-- Exercise --
Read the lines below, and copy any that contain the string "Appartement".
-- -- --
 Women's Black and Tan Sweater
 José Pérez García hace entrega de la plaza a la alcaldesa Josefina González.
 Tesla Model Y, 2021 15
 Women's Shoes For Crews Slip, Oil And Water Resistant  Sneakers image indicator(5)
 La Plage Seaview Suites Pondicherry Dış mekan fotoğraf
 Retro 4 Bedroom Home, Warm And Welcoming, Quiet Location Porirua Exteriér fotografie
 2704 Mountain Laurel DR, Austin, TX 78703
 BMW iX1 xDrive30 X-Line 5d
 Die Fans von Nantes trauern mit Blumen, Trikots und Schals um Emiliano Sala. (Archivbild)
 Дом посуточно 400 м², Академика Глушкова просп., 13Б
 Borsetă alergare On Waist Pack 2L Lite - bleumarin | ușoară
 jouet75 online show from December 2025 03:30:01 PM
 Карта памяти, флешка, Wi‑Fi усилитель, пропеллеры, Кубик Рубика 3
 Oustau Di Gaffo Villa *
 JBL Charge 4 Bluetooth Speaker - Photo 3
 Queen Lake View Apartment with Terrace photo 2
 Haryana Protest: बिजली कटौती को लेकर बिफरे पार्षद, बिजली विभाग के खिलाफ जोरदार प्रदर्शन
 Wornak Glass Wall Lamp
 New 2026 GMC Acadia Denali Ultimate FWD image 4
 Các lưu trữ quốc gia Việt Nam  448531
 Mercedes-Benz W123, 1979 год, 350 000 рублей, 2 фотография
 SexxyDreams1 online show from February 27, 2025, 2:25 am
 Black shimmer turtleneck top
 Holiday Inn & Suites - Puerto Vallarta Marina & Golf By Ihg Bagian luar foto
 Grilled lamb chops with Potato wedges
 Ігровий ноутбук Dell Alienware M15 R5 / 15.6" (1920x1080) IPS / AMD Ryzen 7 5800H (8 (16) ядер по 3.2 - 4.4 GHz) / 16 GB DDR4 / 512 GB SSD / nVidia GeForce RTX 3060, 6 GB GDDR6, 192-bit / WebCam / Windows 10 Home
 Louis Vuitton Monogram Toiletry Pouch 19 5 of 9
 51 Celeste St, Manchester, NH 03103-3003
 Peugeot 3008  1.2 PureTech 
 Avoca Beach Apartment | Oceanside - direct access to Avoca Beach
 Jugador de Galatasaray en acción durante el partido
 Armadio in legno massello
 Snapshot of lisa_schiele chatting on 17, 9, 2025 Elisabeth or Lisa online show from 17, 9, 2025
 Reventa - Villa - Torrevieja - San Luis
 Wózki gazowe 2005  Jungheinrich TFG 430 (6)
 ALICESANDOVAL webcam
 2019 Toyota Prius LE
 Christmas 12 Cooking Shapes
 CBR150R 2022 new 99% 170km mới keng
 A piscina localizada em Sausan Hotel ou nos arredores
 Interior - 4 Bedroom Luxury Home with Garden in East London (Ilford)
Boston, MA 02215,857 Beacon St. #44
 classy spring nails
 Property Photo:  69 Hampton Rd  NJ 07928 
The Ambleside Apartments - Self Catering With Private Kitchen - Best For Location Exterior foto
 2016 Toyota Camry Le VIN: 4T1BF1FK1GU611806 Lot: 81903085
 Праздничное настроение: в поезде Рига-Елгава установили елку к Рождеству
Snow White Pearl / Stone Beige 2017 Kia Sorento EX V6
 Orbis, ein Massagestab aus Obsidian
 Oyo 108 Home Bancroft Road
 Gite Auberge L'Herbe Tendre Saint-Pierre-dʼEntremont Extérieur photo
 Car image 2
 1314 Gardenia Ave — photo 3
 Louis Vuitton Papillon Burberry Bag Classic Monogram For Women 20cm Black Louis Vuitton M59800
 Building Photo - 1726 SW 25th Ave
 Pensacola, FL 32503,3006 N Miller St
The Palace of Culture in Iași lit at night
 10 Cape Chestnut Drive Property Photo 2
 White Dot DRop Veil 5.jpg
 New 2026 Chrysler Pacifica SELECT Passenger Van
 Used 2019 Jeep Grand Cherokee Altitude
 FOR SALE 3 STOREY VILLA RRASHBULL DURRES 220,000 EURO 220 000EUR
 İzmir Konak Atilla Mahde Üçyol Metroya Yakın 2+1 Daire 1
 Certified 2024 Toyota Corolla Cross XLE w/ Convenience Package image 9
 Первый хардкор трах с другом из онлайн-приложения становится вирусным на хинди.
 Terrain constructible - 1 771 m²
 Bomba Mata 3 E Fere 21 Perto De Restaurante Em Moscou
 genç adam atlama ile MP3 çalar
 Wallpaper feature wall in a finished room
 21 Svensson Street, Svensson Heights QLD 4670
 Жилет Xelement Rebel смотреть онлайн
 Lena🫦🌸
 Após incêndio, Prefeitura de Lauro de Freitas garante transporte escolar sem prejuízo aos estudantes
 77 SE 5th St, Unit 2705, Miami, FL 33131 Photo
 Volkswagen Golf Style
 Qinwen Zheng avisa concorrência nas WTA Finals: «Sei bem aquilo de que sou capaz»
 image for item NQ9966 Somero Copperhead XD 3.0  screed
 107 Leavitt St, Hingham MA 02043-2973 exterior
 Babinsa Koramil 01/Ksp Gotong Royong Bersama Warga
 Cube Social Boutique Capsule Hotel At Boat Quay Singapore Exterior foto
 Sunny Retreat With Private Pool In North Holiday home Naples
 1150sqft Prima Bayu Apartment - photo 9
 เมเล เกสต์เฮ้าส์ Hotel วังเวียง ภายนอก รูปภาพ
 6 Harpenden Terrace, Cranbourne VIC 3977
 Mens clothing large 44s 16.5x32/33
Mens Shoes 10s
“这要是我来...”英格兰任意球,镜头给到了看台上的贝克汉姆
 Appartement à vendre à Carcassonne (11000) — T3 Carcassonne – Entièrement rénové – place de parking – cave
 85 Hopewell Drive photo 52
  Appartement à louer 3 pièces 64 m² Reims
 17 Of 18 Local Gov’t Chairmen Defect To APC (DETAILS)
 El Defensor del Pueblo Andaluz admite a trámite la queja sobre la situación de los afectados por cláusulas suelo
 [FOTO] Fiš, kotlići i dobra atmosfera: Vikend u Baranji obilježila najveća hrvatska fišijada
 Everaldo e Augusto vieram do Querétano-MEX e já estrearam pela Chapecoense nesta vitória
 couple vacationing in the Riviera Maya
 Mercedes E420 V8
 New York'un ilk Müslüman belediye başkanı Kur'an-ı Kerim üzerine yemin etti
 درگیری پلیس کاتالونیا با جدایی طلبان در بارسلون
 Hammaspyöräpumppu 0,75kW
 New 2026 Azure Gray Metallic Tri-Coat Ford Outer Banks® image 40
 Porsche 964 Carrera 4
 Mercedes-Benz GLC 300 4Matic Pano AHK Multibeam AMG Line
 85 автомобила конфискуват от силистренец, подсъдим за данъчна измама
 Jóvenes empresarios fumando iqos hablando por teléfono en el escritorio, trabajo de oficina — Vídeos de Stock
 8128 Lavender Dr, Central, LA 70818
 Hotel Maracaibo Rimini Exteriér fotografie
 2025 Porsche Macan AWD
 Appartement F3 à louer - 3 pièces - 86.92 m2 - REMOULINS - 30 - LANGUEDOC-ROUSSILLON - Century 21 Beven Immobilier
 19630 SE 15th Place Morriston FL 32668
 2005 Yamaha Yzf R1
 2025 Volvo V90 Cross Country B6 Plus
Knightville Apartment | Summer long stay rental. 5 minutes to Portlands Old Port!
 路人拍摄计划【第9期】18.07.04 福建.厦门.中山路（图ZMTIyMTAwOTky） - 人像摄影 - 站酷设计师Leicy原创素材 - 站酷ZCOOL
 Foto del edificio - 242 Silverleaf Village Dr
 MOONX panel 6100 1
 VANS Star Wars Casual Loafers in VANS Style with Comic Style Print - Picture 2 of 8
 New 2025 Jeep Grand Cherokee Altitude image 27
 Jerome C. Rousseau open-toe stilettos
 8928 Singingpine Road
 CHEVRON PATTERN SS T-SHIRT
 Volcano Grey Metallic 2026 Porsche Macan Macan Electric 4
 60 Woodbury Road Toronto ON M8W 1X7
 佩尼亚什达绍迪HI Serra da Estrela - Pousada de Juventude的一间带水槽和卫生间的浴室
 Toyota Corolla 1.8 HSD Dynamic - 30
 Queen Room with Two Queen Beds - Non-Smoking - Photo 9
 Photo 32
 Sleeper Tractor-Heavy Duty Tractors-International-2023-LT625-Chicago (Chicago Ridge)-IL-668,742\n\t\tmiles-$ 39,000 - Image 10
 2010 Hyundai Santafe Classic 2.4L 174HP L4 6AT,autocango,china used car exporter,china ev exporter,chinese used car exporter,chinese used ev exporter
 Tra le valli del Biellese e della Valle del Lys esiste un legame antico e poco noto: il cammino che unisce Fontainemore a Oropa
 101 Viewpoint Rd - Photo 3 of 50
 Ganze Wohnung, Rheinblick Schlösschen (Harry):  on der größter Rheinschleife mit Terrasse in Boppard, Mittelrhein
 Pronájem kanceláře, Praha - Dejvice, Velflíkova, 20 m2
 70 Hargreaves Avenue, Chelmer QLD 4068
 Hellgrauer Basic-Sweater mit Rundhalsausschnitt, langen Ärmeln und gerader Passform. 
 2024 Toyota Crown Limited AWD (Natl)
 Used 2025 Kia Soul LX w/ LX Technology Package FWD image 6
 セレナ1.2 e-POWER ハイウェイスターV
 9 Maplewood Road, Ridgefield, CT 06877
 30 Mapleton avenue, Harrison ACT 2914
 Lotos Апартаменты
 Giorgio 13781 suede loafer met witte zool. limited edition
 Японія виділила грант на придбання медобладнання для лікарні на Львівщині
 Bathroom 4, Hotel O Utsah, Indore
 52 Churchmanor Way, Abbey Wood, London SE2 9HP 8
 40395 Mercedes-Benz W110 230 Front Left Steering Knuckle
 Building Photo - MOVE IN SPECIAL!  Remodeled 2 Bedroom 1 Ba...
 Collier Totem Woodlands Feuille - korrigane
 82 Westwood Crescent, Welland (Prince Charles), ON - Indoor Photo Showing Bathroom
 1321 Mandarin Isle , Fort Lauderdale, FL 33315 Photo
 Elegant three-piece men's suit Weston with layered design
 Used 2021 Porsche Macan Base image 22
-- -- --
-- Solution for this problem --
 Appartement à vendre à Carcassonne (11000) — T3 Carcassonne – Entièrement rénové – place de parking – cave
  Appartement à louer 3 pièces 64 m² Reims
 Appartement F3 à louer - 3 pièces - 86.92 m2 - REMOULINS - 30 - LANGUEDOC-ROUSSILLON - Century 21 Beven Immobilier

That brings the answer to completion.